India's Rishabh Pant during a training session ahead of the second Test cricket match between India and South Africa, at Barsapara Cricket Stadium in Guwahati.
Credit: PTI Photo
Guwahati: The Eden Gardens pitch for the opening Test between India and South Africa became a major talking point after former India captain and Cricket Association of Bengal chief Saurav Ganguly revealed that it had been left unwatered for four days.
The lack of moisture caused the surface to dry rapidly and behave unpredictably. Balls kicked off from a length, others kept low and spinners extracted far more turn than expected. Against that backdrop, the sight of the centre square being watered on Thursday afternoon at the Assam Cricket Association Stadium, nearly two days before the second Test, offered a sense of relief.
Yet, that reassuring sight guarantees nothing. Pitch preparation is a game of educated guesses as extraneous factors have a major influence on how it will behave. Always at the mercy of weather, local geography and the nature of the soil, a curator can never promise a pitch that mirrors the exact expectations of teams or coaches. While making a pitch that suits the home team’s strength is neither unusual nor unethical, how far one can stretch that privilege is a debatable topic.
While the opponents can raise a bogey of unfairness if the pitch allies with the home team’s interests without adhering to the definition of an ideal pitch, the same team can be left red-faced if the visiting team comes out on top despite the not-so-ideal conditions for them.
The Indian test team has experienced this uncomfortable scenario more than once in the past year.
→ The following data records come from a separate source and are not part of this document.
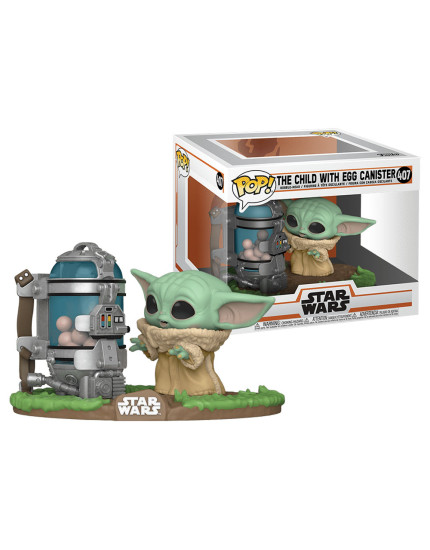 Pop! Star Wars - The Child with Egg Canister obrázok 1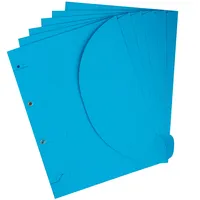 Tarifold Ordnungsmappe Smartfolder A4 Standard blau VE=100 Stück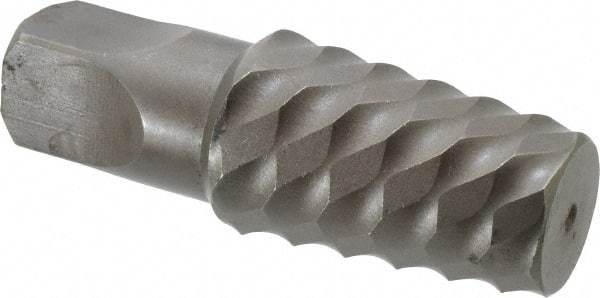 Cleveland - Spiral Flute Screw Extractor - #12 Extractor for 3 to 3-1/2" Screw, 6-1/4" OAL - Top Tool & Supply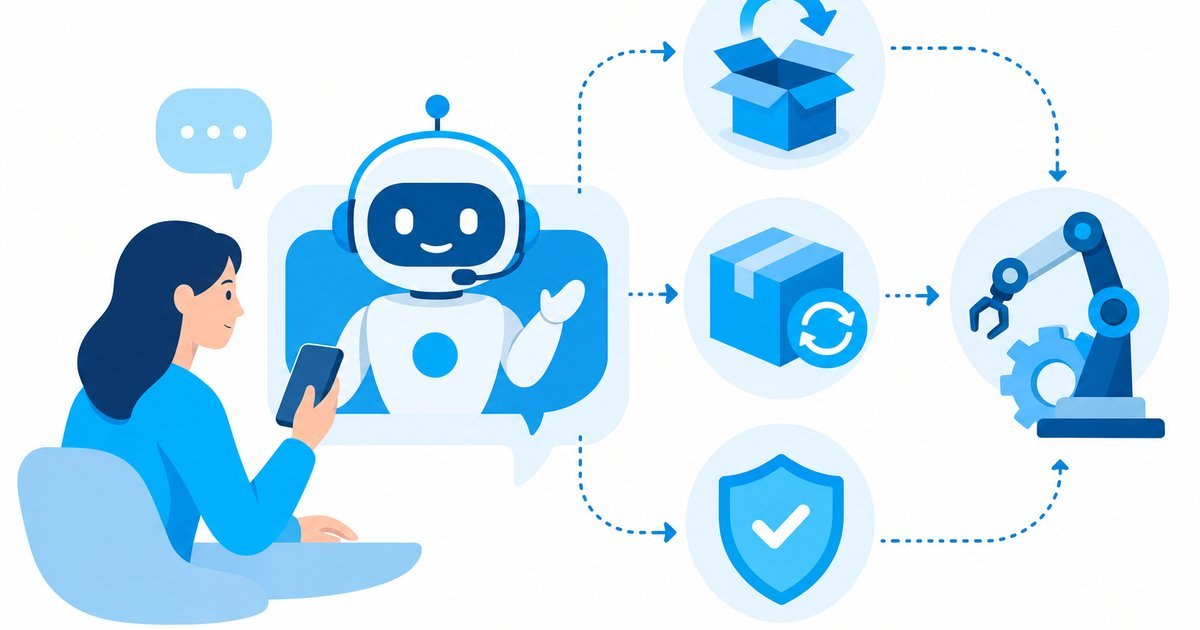 Chatbot ile İade ve Değişim Sürecini Otomatikleştirme 1 Chatbot ile İade ve Değişim Sürecini Otomatikleştirme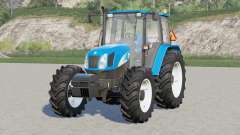 New Holland T5050〡there are narrow wheels for Farming Simulator 2017
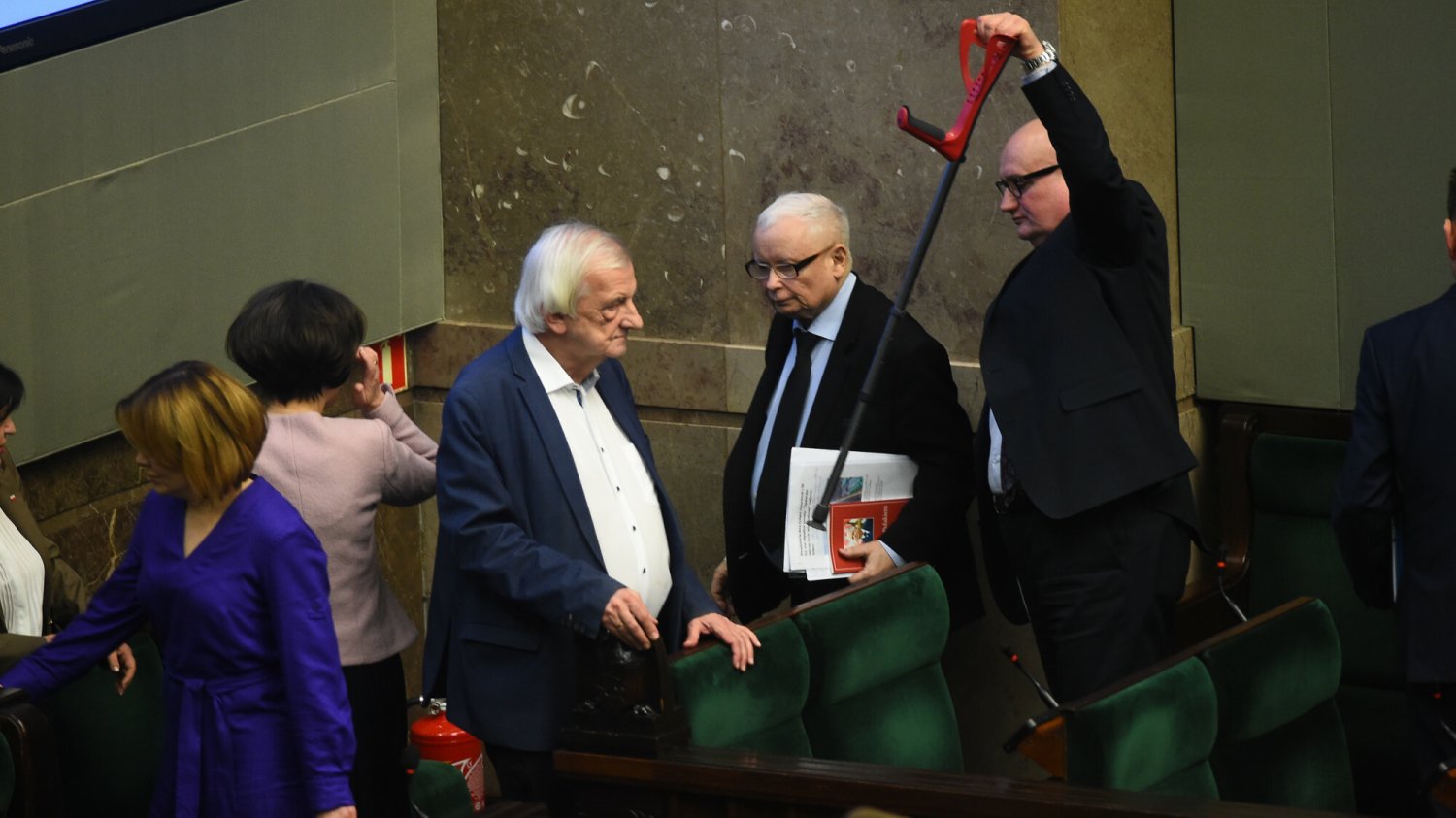Terlecki nie zgadza się z Kaczyńskim. Chodzi o wybory i Solidarną Polskę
The loss to South Africa in the first Test served as the most recent reminder, particularly because the pitch was believed to favour India. This raises a deeper question. Does spin still truly rank as India’s greatest strength? Visiting spinners have repeatedly outbowled their Indian counterparts, and touring batters, schooled on consistent diets of seam bowling, appear more composed against Indian spin.
So has India’s spin bowling, along with its batting against spin, declined enough to lose its status as the team’s defining advantage? The answer is both yes and no.
In the era of IPL and T20 cricket, batters have deserted the traditional sub-continental way of playing spin -- stepping out of the crease, not necessarily to whack the ball, but to smother spin. Use of feet, rather than staying rooted at the crease, doesn’t allow the spinner to bowl the lengths or lines consistently he wants to bowl. Similarly, spinners have become more defensive on largely batting tracks and a flood of white-ball cricket. The habits picked here, faster deliveries and flatter trajectories, are hard to unlearn in a tightly scheduled domestic and international calendar.
“The step-out game has reduced but some of the players, do it (still) but, there are very selective players, who prefer to do that,” said India’s batting coach Sitanshu Kotak on Thursday. “Footwork I mean, by judging the length, and playing front foot or back foot. Sometimes you see that, when turning track comes, people do get committed to front foot a lot more, and not going back or using the crease.”
That said India’s primary strength at home remains spin, but they can’t solely depend on it to deliver results. While rank-turners like the one at the Eden Gardens narrow the gap between a quality spinner and an ordinary one, batting becomes a lottery in a game of small margins.
India need not look beyond their home series against England which they won 4-1 on wickets most which lasted four to four and half days after losing the first Test in Hyderabad. In a series dominated by spinners, who claimed 123 scalps, pacers weren’t a mere a side show with 44 sticks. It wasn’t a bad series for batters either with one batter (Yashasvi Jaiswal) amassing 700-plus runs, three 400 or more and three 315 and more.
Although the team management insists it does not seek extreme surfaces, the best approach is to trust curators with the responsibility they understand best. Gentle guidance is acceptable, but excessive instructions can cause confusion and may lead to results like the one in Kolkata. Curators know how to create a good cricketing surface when given a free hand. There are no precise formulae for pitches that are ironically referred to as tailor-made. Deliver the message and allow the curator to do what he knows best.